How society has corrupted Saint Valentine’s Day

Julie Ambo, News Editor

Just recently, I saw a “Jumbo Cupig,” a dancing and singing swine with wings, heart-shaped nostrils and a heart-shaped belly button, at Hallmark, which reminded me of our upcoming furlough day on Feb. 14.  Call it Saint Valentine’s Day, The Feast of Saint Valentine or simply Valentine’s Day, I’m sure you’ve witnessed the bountiful collection of retailers’ attempts to make the most of this love-filled holiday.

Interestingly, the origin of Valentine’s Day stems from three main legends, all which root in Christianity.

According to one, a Pope Galasius initiated the tradition of Saint Valentine’s Day on February 14, 496 AD in honor of a young priest named Valentine.

Apparently, the emperor decided to forbid marriage because he believed that married men made inefficient soldiers. But, a bishop, Valentine, felt strongly against this decree and insisted that marriage is part of God’s will. In Proverbs it says, “He who finds a wife finds what is good and receives favor from the Lord” (Prov. 18:22).

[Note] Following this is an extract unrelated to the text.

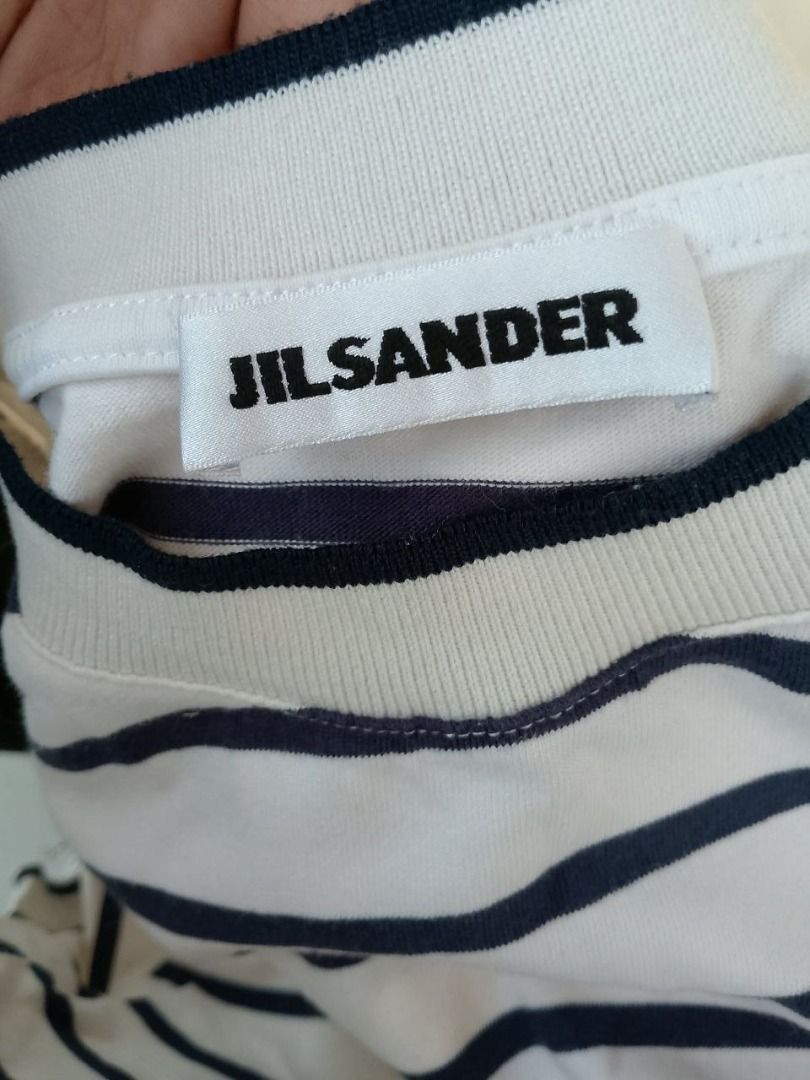 Jil Sander+ Striped T-Shirt (Category: Tshirts & Polo Shirts ) located in Cagayan de Oro. Submitted by thrift.lahat.byck (Listing ID 1463484291, Image 3). Description: - Classic Jil Sander+ striped t-shirt - Color: White with navy blue stripes - Features: Crew neck, short sleeves - Style: Comfortable and stylish, ideal for casual wear - Versatile: Pairs well with jeans or shorts.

This conviction led Valentine to betray the emperor and hold illegitimate wedding ceremonies in the name of love. Notorious for his many successes, Valentine was thrown in jail and sentenced to be beheaded.

Yet, days before his death, he, too, found love… with his jailer’s daughter. He sent her a note ending with “from your Valentine,” and from this romantic tale, the tradition of sending cards to loved ones has emerged.

In the course of about 1500 years, this celebration centered around love has strayed far from its religious beginnings. Do people even go to church on Valentine’s Day?  Most definitely not. Vendors use this holiday to attract consumers, not religious fanatics.

Furthermore, Valentine’s Day inflicts pain.

Maddy Pumilia writes that 50 million roses are sent out each year. Sadly, fifteen percent of these consumers are single women who, out of pity, buy the roses for themselves. Valentine’s Day equates pure torture as it emphasizes their loneliness and makes them feel unloved.

In Japan, it is a custom for women to give chocolates to their male coworkers. Yet, for the hoards of unpopular men, this supposed celebration is truly a day of degradation.

Ladies “rate” the men by giving them either cheap chocolate out of obligation, cho-giri choko, or  luscious, typically expensive chocolate, honmei-choko. Imagine every February, being forced to experience the many disadvantages of being disliked.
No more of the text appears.